Principles of Mathematical Analysis, Exercise 1.16 (here is a semi-duplicate, same question, but different emphasis):
Suppose $k \ge 3, x,y \in \mathbb{R}^k, | x-y |=d>0,$ and $r>0.$ Prove that if $ 2r>d,$ there are infinitely many $ z \in \mathbb{R}^k$ such that $$| z- x| =| z - y| = r. $$
On the one hand, the proof seems quite intuitive: If $2r > d$, then $x, y$, and $z$, seen as points, form a triangle in $\mathbb{R}^k$. The orbits of $z$ form a circle in the $\mathbb{R}^k$, and obviously the number of $z$ is infinite.

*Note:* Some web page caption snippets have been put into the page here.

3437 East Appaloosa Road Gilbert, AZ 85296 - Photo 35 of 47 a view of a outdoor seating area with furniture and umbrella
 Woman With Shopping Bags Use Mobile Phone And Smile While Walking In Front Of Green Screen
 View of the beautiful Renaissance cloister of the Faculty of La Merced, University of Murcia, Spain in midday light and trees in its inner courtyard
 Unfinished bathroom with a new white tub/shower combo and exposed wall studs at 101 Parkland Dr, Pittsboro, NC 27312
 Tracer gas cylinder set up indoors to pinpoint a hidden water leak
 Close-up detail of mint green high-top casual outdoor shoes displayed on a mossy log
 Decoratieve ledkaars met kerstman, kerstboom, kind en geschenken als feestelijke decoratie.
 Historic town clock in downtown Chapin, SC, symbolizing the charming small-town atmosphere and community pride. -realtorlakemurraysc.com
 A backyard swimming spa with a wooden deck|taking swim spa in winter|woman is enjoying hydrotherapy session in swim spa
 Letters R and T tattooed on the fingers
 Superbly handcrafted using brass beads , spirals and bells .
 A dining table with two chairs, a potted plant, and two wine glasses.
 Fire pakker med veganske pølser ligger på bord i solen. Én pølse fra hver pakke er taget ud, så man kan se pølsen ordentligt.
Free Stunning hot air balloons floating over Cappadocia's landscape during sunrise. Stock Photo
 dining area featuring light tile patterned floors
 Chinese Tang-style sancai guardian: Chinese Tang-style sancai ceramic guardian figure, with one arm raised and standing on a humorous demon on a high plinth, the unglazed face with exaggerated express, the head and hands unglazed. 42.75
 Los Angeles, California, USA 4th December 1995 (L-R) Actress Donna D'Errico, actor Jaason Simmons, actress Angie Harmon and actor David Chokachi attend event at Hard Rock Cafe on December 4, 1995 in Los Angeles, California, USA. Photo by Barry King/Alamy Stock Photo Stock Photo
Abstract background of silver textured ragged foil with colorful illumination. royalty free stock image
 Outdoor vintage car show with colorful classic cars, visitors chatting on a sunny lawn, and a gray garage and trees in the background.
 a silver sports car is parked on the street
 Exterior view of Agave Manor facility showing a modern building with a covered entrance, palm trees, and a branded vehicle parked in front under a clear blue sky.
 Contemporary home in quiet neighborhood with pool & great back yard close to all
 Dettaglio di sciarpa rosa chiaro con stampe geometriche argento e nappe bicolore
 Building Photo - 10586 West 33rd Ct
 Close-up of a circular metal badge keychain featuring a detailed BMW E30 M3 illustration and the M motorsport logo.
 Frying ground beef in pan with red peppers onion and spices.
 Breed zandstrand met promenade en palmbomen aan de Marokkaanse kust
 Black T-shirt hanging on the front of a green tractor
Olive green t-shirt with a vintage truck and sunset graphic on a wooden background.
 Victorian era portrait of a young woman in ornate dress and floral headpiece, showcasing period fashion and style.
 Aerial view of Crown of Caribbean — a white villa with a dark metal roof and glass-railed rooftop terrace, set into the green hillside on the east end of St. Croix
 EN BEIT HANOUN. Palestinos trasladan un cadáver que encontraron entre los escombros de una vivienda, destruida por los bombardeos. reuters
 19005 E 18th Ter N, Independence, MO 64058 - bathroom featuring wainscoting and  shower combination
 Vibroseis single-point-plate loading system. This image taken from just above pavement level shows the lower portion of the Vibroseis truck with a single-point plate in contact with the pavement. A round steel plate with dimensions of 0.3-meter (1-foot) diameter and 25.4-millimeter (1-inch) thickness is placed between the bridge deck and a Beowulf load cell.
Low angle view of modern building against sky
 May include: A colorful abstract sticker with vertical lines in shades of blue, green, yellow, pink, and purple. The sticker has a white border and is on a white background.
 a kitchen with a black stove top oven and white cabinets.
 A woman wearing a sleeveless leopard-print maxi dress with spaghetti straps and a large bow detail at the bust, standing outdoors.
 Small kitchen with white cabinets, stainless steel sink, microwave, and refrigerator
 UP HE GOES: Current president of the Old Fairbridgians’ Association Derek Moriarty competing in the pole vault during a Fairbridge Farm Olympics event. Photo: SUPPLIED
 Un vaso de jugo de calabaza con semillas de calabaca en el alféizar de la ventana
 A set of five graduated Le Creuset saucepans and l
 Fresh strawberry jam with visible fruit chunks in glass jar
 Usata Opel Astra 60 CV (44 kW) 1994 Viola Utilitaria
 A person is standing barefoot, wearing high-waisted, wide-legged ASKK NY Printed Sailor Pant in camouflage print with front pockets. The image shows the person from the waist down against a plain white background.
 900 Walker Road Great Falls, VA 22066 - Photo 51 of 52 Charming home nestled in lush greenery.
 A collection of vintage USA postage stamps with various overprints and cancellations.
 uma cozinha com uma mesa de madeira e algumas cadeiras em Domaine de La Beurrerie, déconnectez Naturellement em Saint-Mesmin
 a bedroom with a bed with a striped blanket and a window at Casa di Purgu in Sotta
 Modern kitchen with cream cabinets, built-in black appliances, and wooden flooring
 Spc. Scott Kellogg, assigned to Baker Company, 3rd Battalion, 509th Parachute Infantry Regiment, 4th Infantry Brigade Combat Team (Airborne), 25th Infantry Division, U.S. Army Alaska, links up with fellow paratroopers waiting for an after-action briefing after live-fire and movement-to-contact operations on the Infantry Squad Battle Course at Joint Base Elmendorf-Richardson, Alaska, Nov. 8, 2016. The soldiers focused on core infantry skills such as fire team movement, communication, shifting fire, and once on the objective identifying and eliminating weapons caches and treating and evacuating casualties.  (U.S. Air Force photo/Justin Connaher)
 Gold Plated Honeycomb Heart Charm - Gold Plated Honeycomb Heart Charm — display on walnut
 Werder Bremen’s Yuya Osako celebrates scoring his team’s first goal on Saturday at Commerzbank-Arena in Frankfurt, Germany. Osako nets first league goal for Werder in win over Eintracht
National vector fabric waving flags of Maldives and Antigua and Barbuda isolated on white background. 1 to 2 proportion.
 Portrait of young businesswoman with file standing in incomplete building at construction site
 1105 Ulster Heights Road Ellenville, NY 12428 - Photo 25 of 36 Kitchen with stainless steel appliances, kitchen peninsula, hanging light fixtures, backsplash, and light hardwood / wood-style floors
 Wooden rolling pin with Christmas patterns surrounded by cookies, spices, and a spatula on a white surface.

However when one simply takes the equation $| z- x | =| z - y| (= r)$ and computes, it turns out different:
Since $|z- x| =| z - y| $ and for any vector $w\in \mathbb{R}^k(k \geq 3)$ , $| w|^2=w^2$, we have: $$(z-x)^2=(z-y)^2,$$ hence $$z^2-2zx+x^2=z^2-2zy+y^2,$$ $$x^2-y^2=2z(x-y),$$ $$(x+y)(x-y)=2z(x-y),$$ since $x-y \neq 0$ (for $|x-y|>0$), we have $z=(x+y)/2$, which means $z$ is unique rather than infinitely many.
Any idea as to what went wrong above would be appreciated.